Here are my slides:
Or if you like PDF:
Here are my slides:
Or if you like PDF:
Imagine you have a programming task that involves parsing and analyzing text. Nothing complicated: maybe just breaking it into tokens. Now imagine the only programming language you had available:
Sounds impossible, right? But that’s the world described in Colin Day’s book from 1972, Fortran techniques with special reference to non-numerical applications.
The programming language used is USA Standard FORTRAN X3.9 1966, commonly known as Fortran IV after IBM’s naming convention. For all it looks crude today, Fortran was an efficient, sod-the-theory-just-get-the-job-done language that allowed numerical problems to be described as a text program and solved with previously impossible speed. Every computer shipped with some form of Fortran compiler at the time. Day wasn’t alone working within Fortran IV’s text limitations in the early 1970s: the first Unix tools at Bell Labs were written in Fortran IV — that was before they built themselves their own toolchain and invented the segmentation fault.

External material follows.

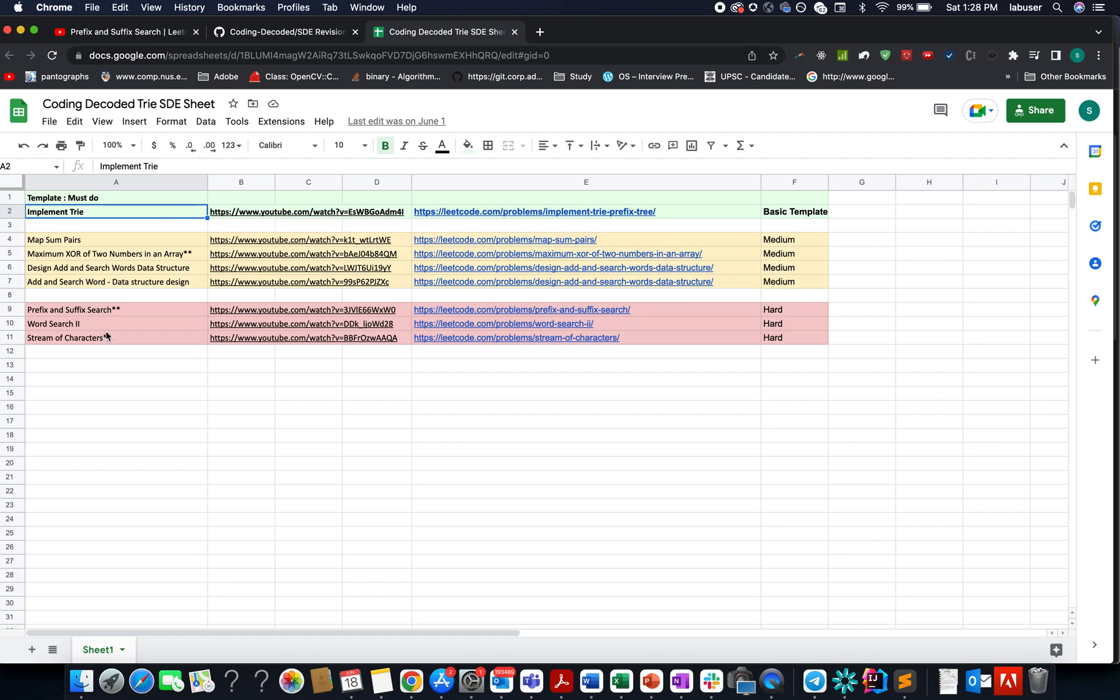You yourself will reach question number nine, prefix and suffix search. Once you reach this question, you'll be able to solve it by yourself. It's not a very difficult question—it's simple, provided you know tries.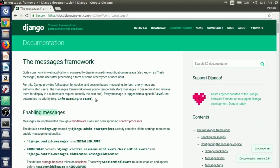In this video lecture we use the Django Messages Framework in our blog project. Quite commonly in web applications you need to display a one-time notification message, also known as a flash message, to the user after processing a form or some other types of user input. For this, Django provides full support for cookie and session based messaging for both anonymous and authenticated users.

The book is a small (~ 90 page) delight, and is a window into system limitations we might almost find unimaginable. Wanna create a lookup table of a thousand entries? Today it’s a fraction of a thought and microseconds of program time. But nearly fifty years ago, Colin Day described methods of manually creating two small index and target arrays and rolling your own hash functions to store and retrieve stuff. Text? Hollerith constants, mate; that’s yer lot — 6HOH HAI might fit in one computer word if you were running on big iron. Sorting and searching (especially without recursion) are revealed to be the immensely complex subjects they are, all hidden behind today’s one-liner methods. Day shows methods to simulate recursion with arrays standing in for pointer stacks of GO TO targets (:coding_horror_face:). And if it’s graphics you want, that’s what the line printer’s for:
Why do I like this book enough to track down a used copy, import it, scan it, correct it and upload it to the Internet Archive? To me, it shows the layers we now take for granted, and the privilege we have with these hard problems of half a century ago being trivially soluble on a $10 computer the size of a stick of gum. When we run today’s massive AI models with little interest in the underlying assumptions but a sharp focus on getting the results we want, we do a disservice to the years of R&D that got us here.

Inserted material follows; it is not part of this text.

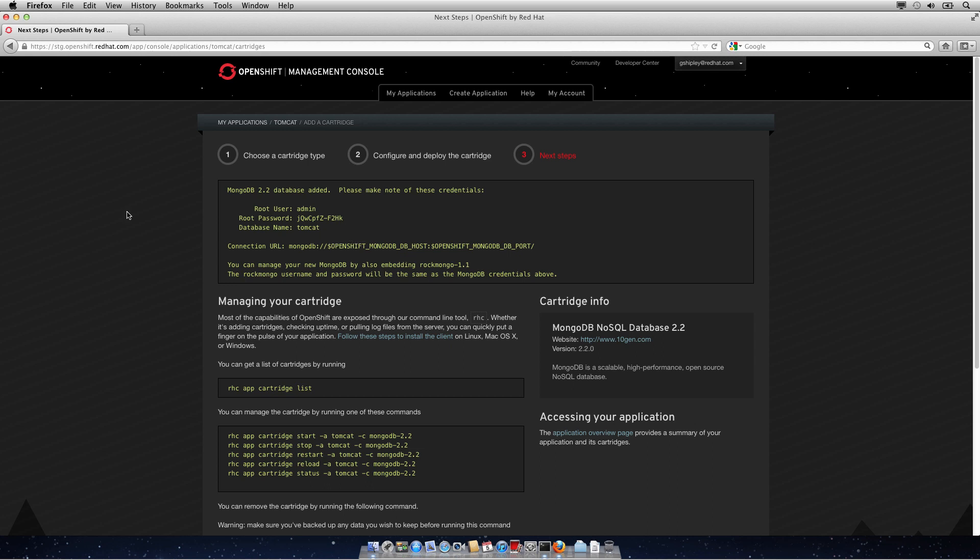That's all there is to using MongoDB 2.2 on OpenShift. If you have any questions, send us an email at openshift at redhat.com.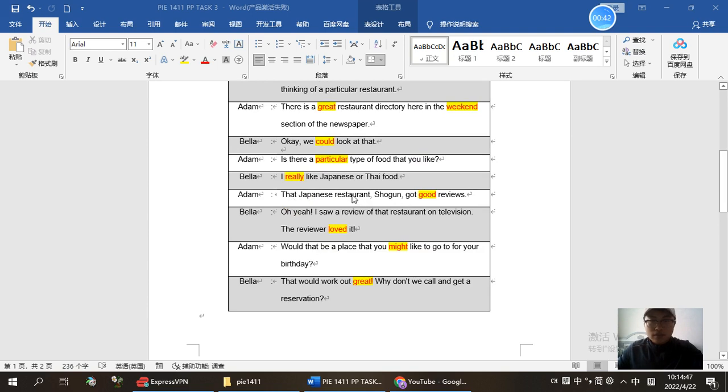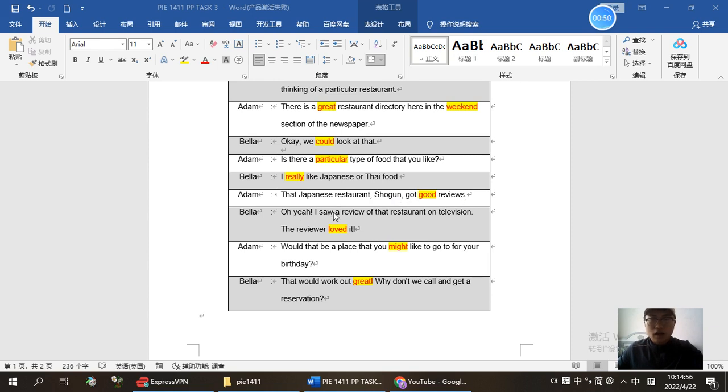There's a Japanese restaurant, Shogun, with good reviews. Oh yeah, I saw a review of that restaurant on television. The reviewer loved it.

The ‘charges for computing time’ comment above is from Colin’s website. Early central computing facilities had the SaaS billing down solid, partly because many mainframes were rented from the vendor and system usage was accounted for in minute detail. Apparently the system Colin used (when a new lecturer) was at another college, and it was the custom to send periodic invoices for CPU time and storage used back to the user’s department. Nowhere on these invoices did it say that these accounts were for information only and were not payable. Not the best way to greet your users.
(Incidentally, if you hate yourself and everyone else around you, you can get a feel of system billing on any Linux system by enabling user quotas. You’ll very likely stop doing this almost immediately as the restrictions and reporting burden seem utterly alien to us today.)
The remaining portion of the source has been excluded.